The aim of this study was to determine preoperative risk factors associated with unplanned reoperation within 30 days for patients undergoing major surgery for primary ovarian cancer using the National Surgical Quality Improvement Program database.Methods
We conducted a retrospective cohort study utilizing the National Surgical Quality Improvement Program database to identify patients undergoing primary ovarian cancer surgery from 2012 to 2014. Patients who had a reoperation within 30 days of their primary surgery were identified. Demographics and clinical covariates were calculated. Adjusted odds ratios (ORs) and 95% confidence intervals (CIs) were calculated using univariate and multivariate logistic regression approaches to assess the association.Results
A total of 4260 patients were identified during the study period. One hundred forty-eight patients (3.5%) underwent a reoperation within 30 days of their primary surgery. In univariate analysis, preoperative creatinine 1.5 mg/dL or greater (P = 0.010), smoking (P = 0.003), and both insulin-dependent (P = 0.029) and non–insulin-dependent diabetes mellitus (P = 0.048) were predictive of a reoperation. Multivariate analysis noted that smoking (OR, 1.94; 95% CI, 1.26–2.99), insulin-dependent diabetes mellitus (OR, 2.18; 95% CI, 1.08–4.40), non–insulin-dependent diabetes mellitus (OR, 1.65; 95% CI, 1.01–2.72), and preoperative creatinine (OR, 2.65; 95% CI, 1.26–5.58) were predictive of a reoperation.

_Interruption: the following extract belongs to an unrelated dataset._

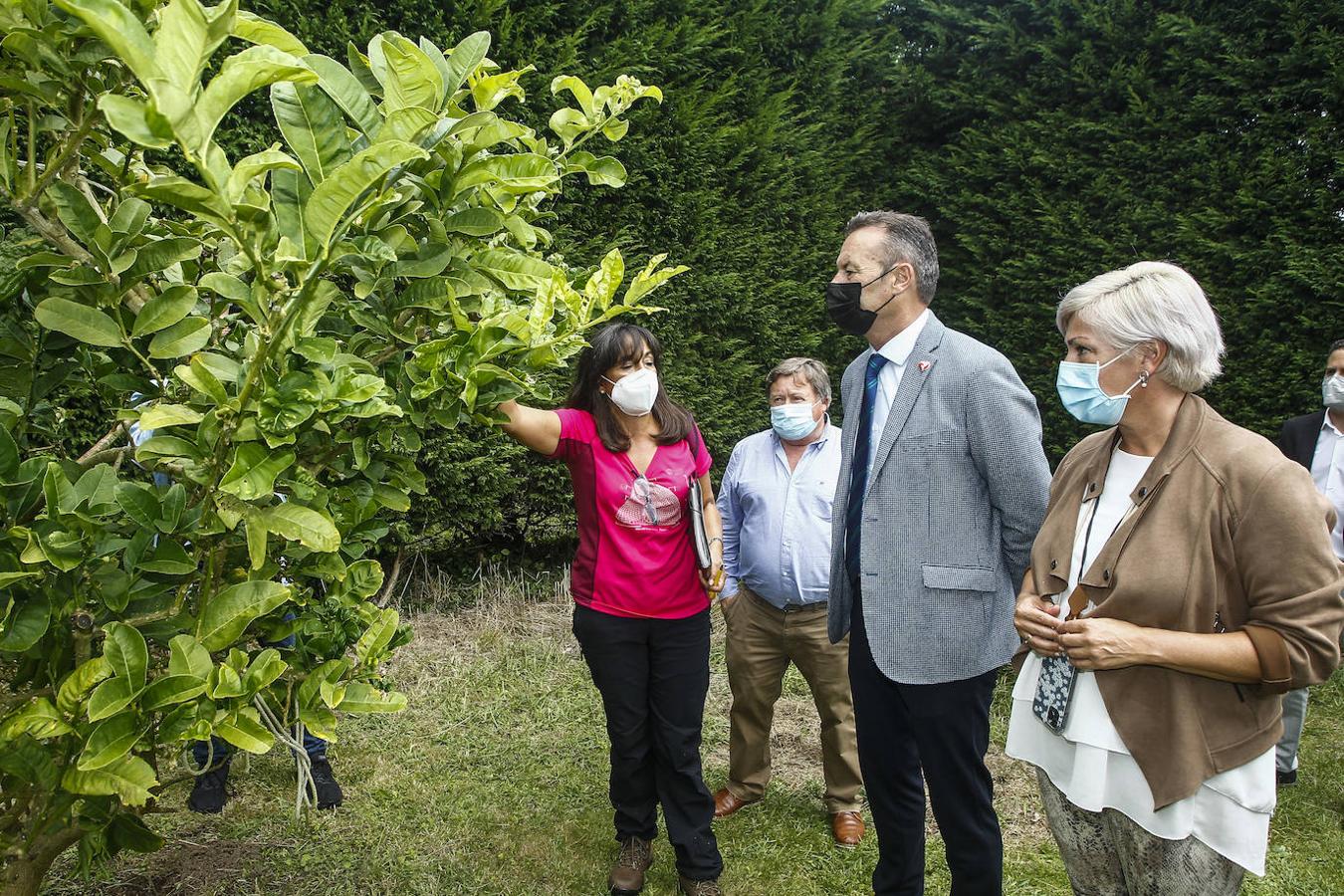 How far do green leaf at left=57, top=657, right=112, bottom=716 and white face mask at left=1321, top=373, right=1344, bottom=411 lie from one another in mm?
5151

Age 50 to 60 years was protective against reoperation when compared with age younger than 50 years (OR, 0.54; 95% CI, 0.32–0.90).Conclusions
Efforts to reduce reoperation rates should focus on identifying high-risk patients by utilizing objective preoperative data. Optimizing their medical status prior to surgery may decrease the reoperation rate in patients with ovarian cancer, thereby improving outcomes and providing a probable cost benefit.